▶ [Prompt] The listing below should be reproduced precisely, except for its images.

▶ [Data section]
----------------------------------------

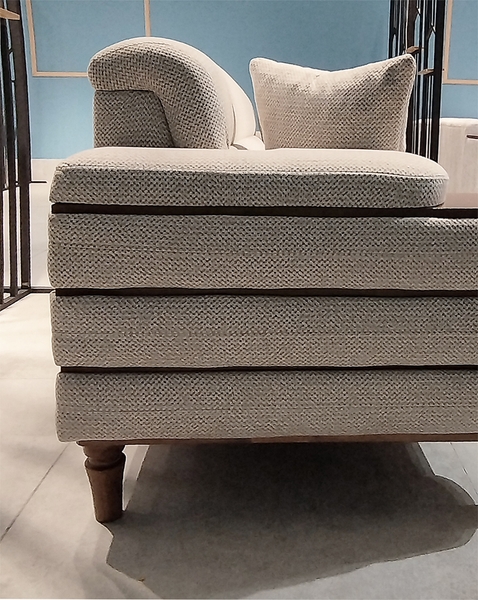 image of Unique Triple Sofa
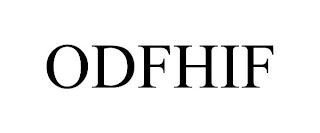 ODFHIF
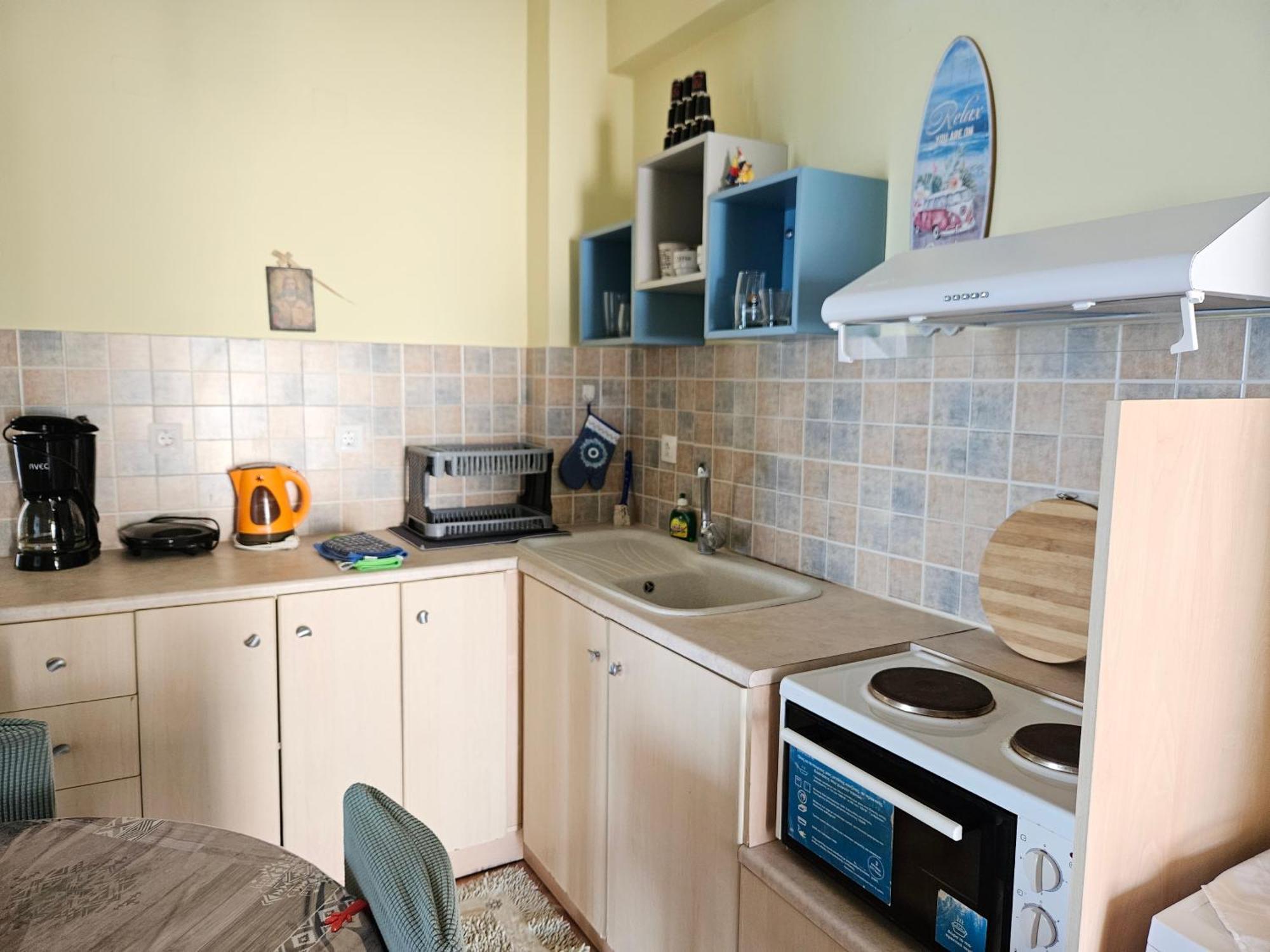 Leta Apartments Agios Georgios  Exterior photo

----------------------------------------

▶ [Task answer]
 image of Unique Triple Sofa
 ODFHIF
 Leta Apartments Agios Georgios  Exterior photo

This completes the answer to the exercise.